■ THE RECORDS ■
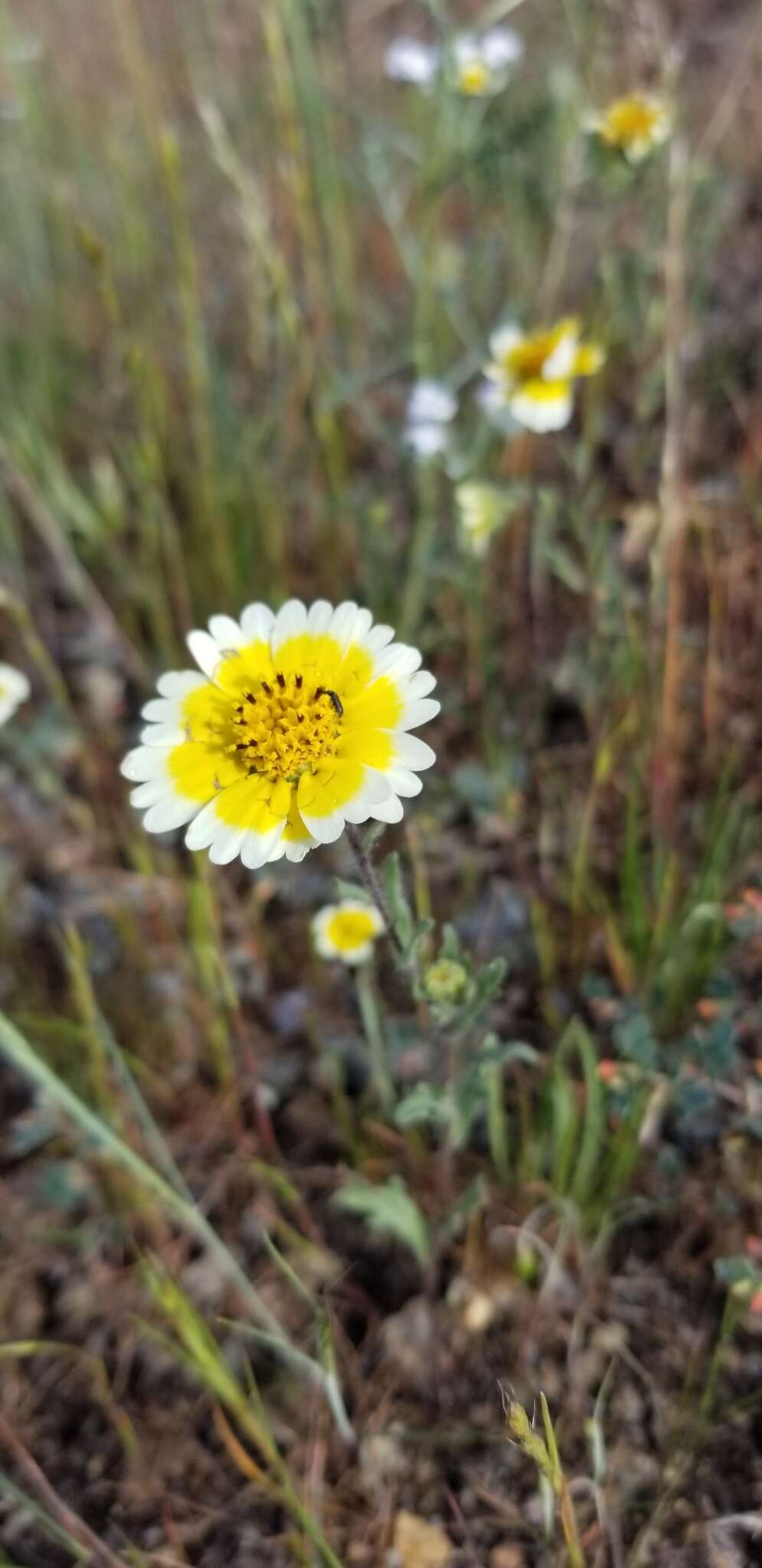 Image of woodland tidytips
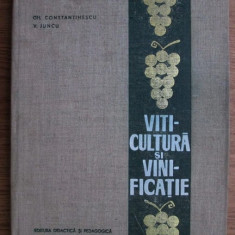 Gh. Constantinescu - Viticultura si vinificatie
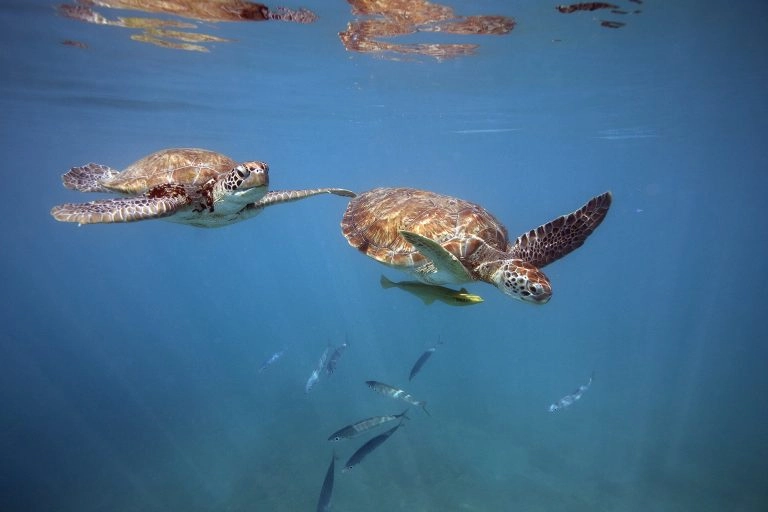 Adult turtles (1)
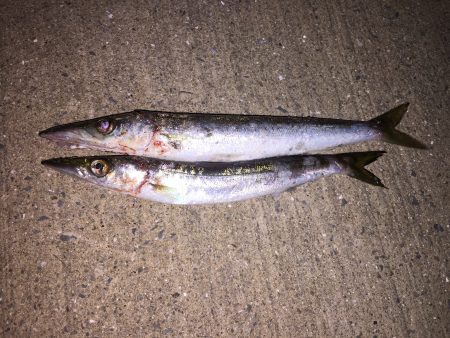 秋の夜長フィッシング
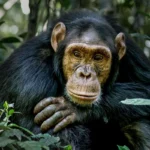 Are there chances of not finding chimpanzees during tracking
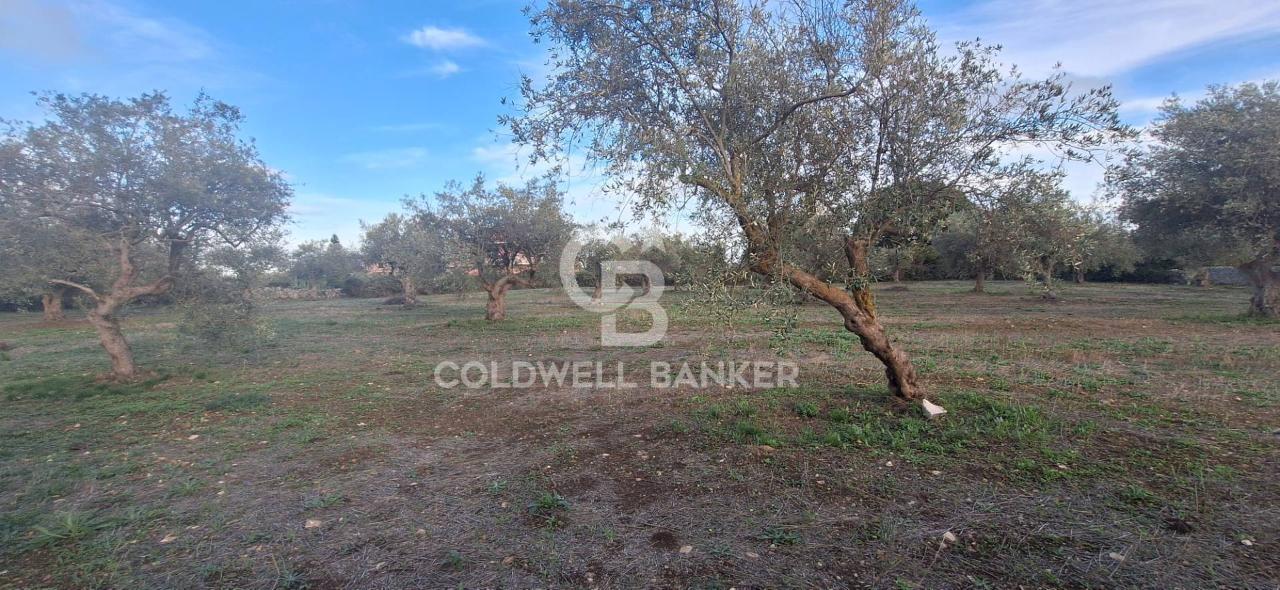 immagine annuncio 12 di 14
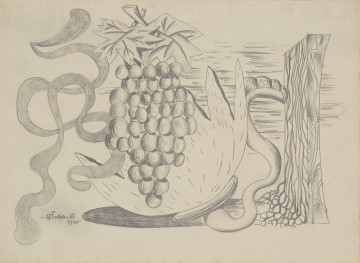 rysunek - Martwa natura, kompozycja z owocem winorośli i roślinami. Centralny element kompozycji to duża kiść winogron, nad nią 2 skrzyżowane liście winorośli. Kiść „wpada” w duży, ozdobny kwiat o rozwiniętych, trójkątnie zakończonych płatkach, o grubej łodydze wyrastającej z ociosanego pnia drzewa z korzeniami. Z lewej strony dekoracyjnie wijąca się wstęga.
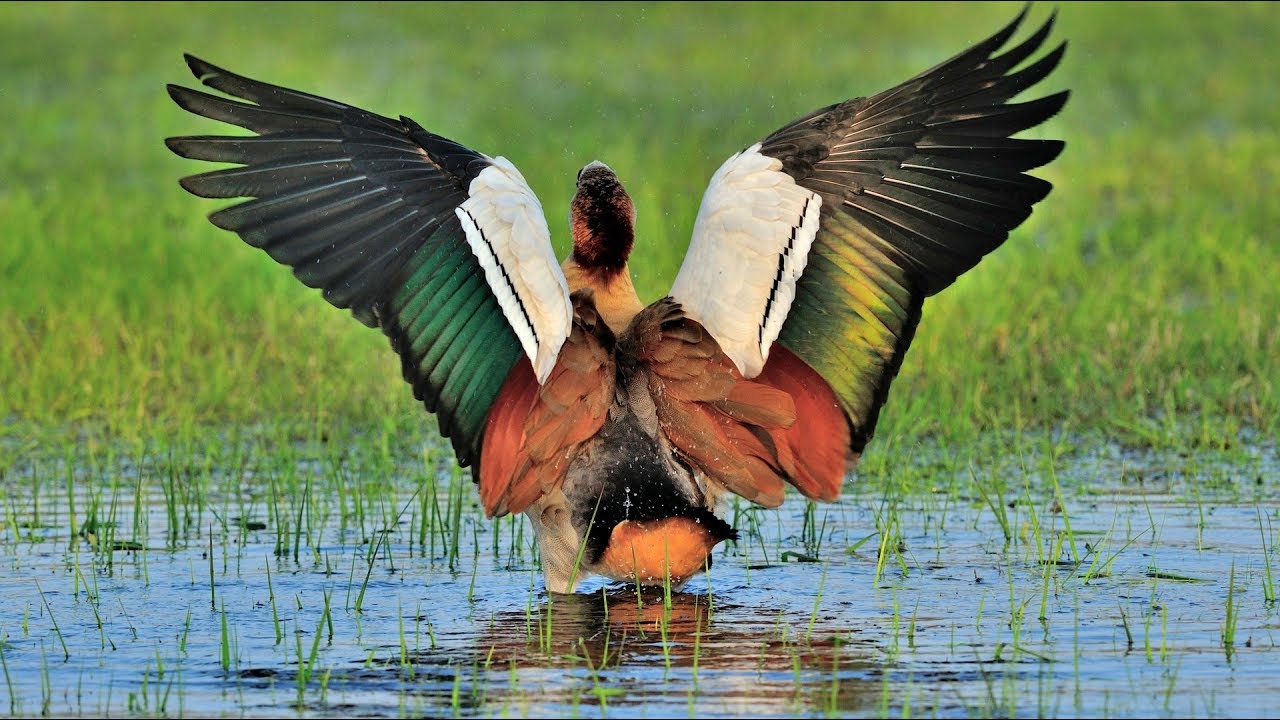 Artenporträt Nilgans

■ YOUR TASK ■
The answer should consist only of the lines above from the one with "Gh. Constantinescu - Viticultura" through the one with "immagine annuncio 12 di 14", repeated exactly, with no pictures among them.

■ WRITTEN ANSWER ■
 Gh. Constantinescu - Viticultura si vinificatie
 Adult turtles (1)
 秋の夜長フィッシング
 Are there chances of not finding chimpanzees during tracking
 immagine annuncio 12 di 14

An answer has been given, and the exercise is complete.